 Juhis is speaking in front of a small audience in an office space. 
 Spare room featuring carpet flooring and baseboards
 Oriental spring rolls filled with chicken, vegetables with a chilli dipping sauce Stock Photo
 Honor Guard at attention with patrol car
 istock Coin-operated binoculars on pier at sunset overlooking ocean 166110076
--
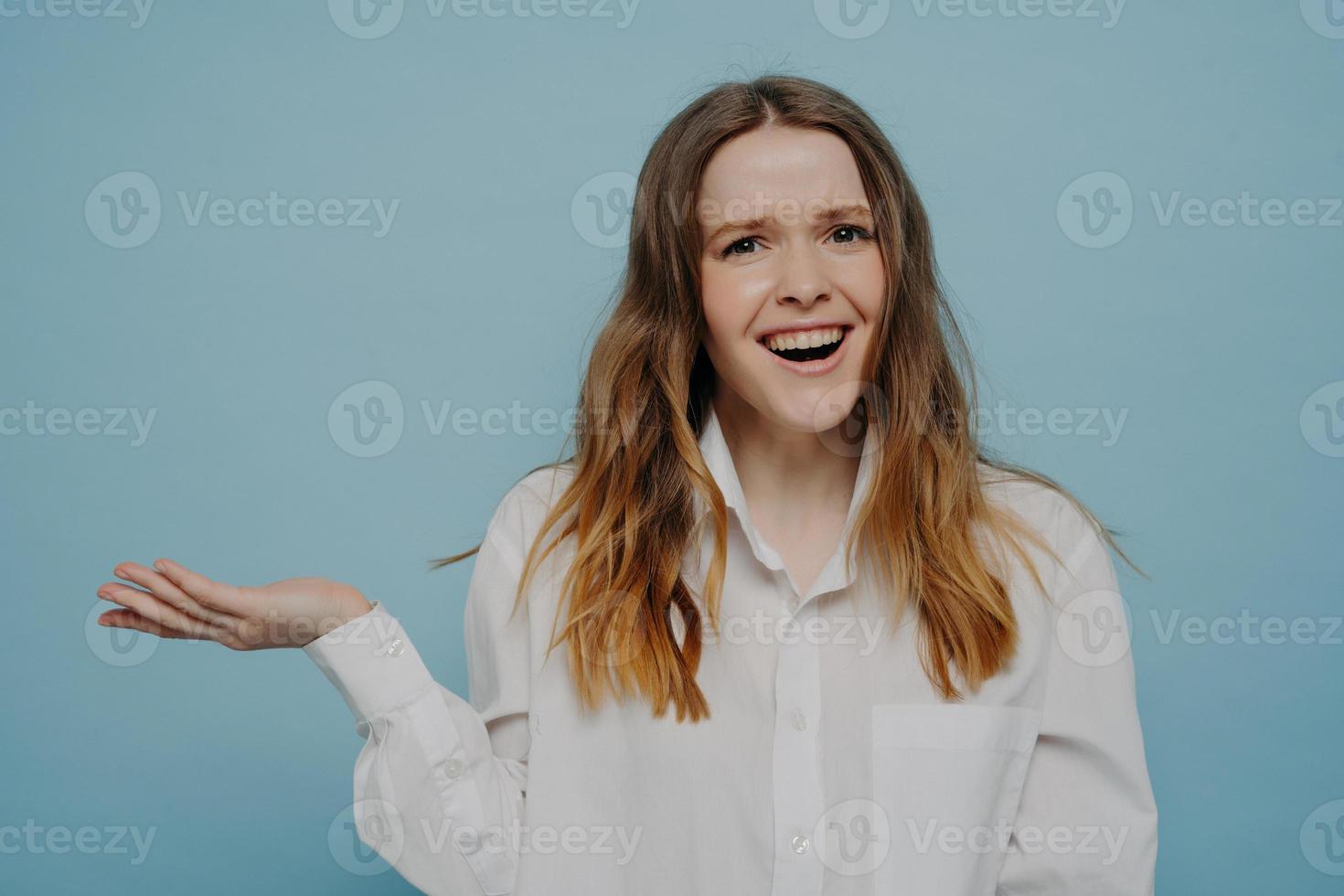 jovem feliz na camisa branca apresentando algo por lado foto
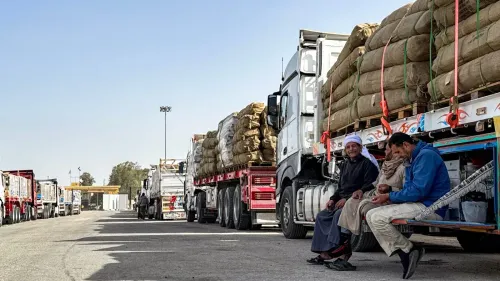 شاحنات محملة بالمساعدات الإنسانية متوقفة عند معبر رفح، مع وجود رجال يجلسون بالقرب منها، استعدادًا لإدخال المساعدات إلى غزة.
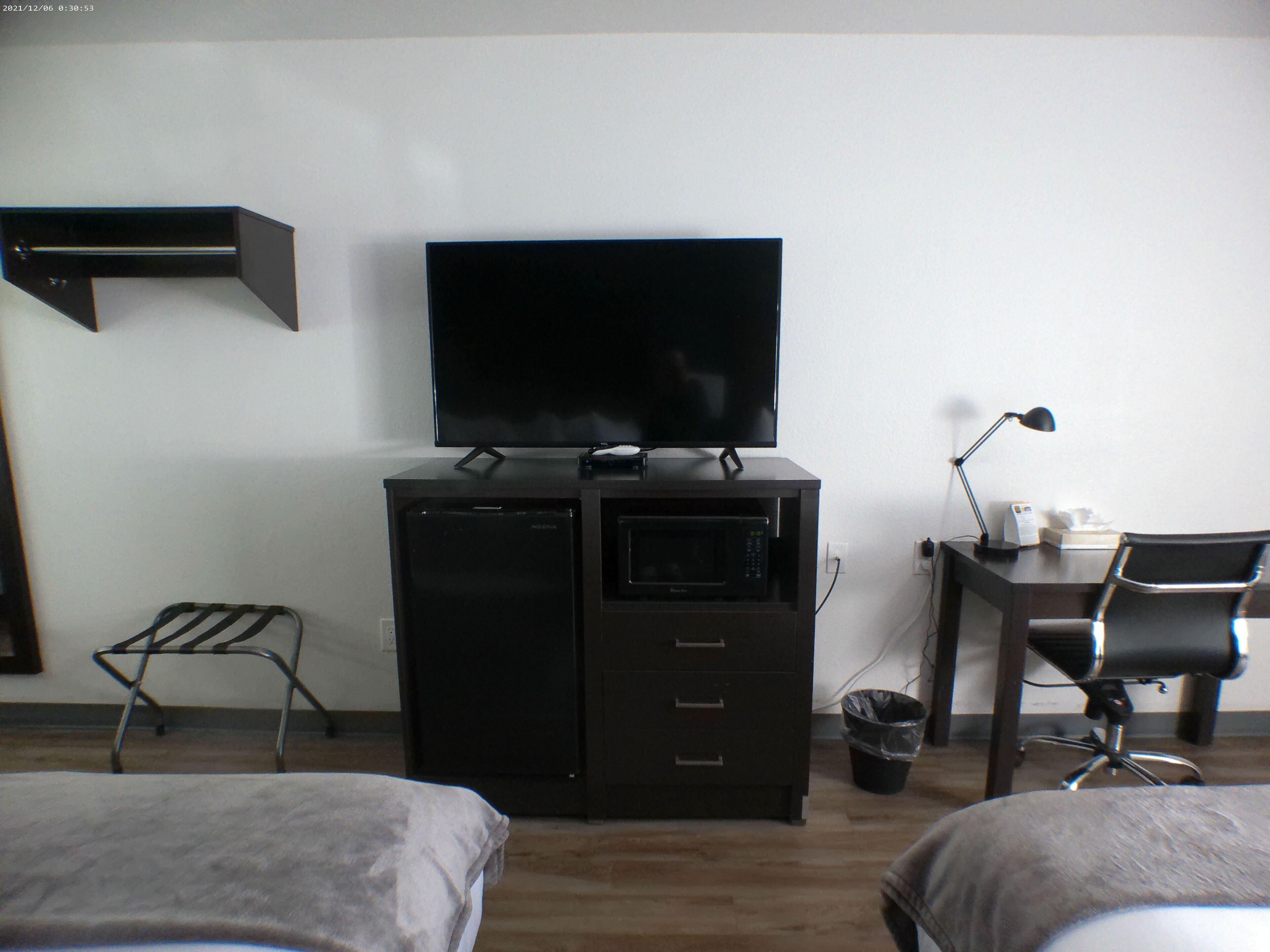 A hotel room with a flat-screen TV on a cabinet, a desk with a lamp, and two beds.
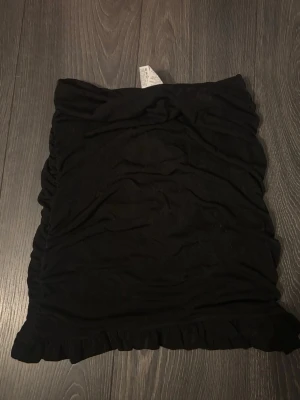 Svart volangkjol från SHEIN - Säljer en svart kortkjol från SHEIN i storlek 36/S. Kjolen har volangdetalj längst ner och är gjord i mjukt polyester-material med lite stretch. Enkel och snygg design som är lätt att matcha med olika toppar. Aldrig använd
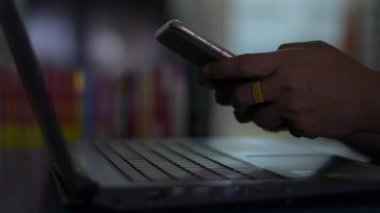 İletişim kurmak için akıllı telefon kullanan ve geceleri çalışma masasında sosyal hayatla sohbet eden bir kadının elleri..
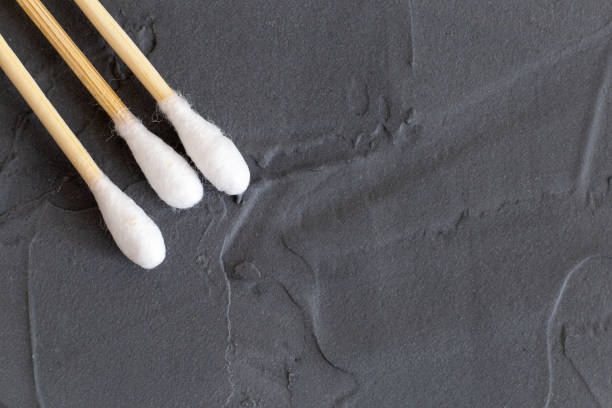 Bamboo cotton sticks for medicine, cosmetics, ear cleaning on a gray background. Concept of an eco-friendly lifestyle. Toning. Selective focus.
==
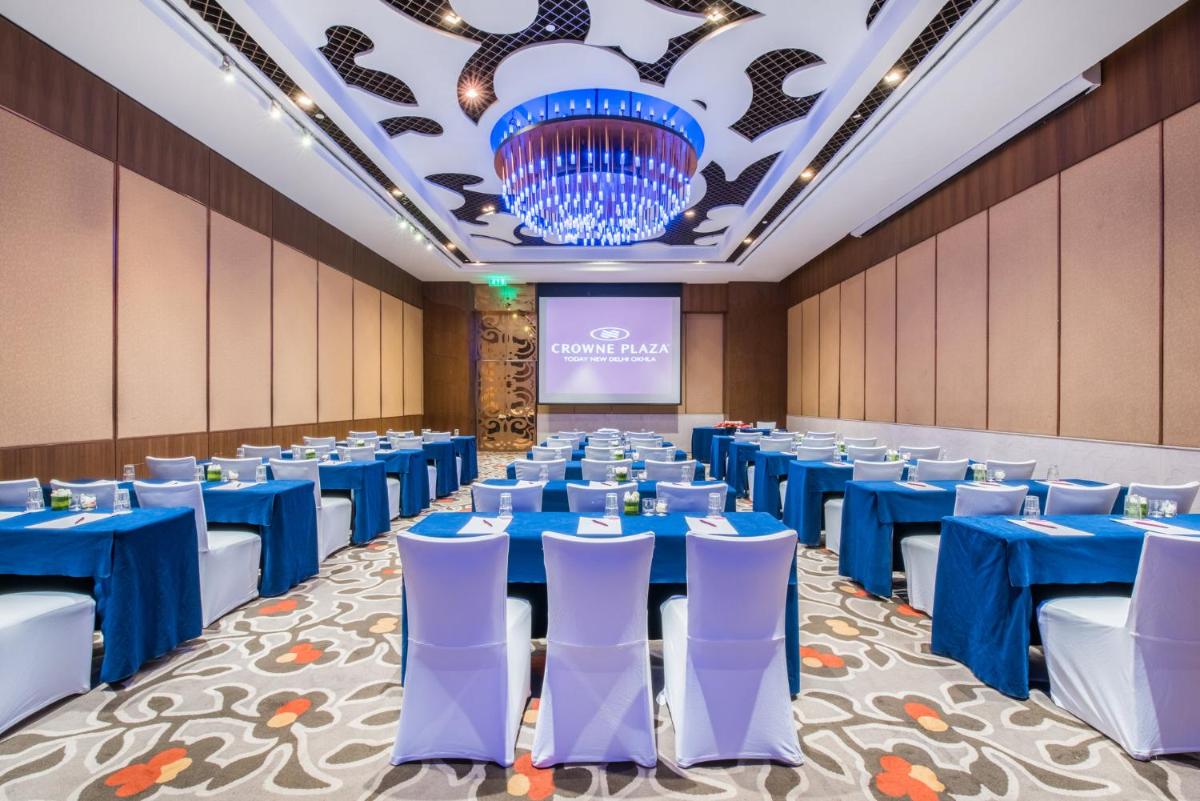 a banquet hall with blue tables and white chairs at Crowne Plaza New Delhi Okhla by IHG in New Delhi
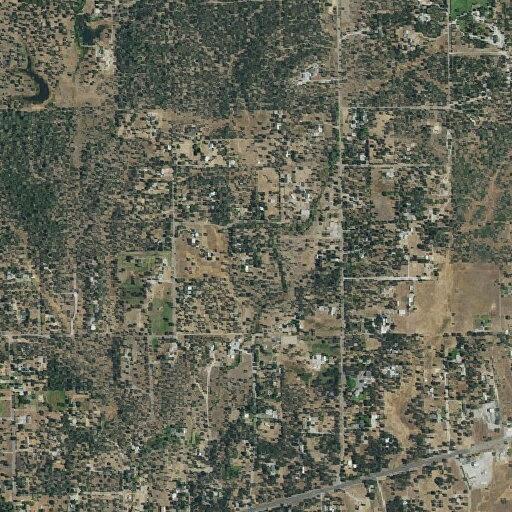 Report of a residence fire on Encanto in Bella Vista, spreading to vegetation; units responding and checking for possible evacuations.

→ YOUR ASSIGNMENT
From the records above, copy only the lines starting with the line that holds "Juhis is speaking" and going on through the line that holds "Honor Guard at attention with patrol car", exactly as written.

→ TASK ANSWER
 Juhis is speaking in front of a small audience in an office space. 
 Spare room featuring carpet flooring and baseboards
 Oriental spring rolls filled with chicken, vegetables with a chilli dipping sauce Stock Photo
 Honor Guard at attention with patrol car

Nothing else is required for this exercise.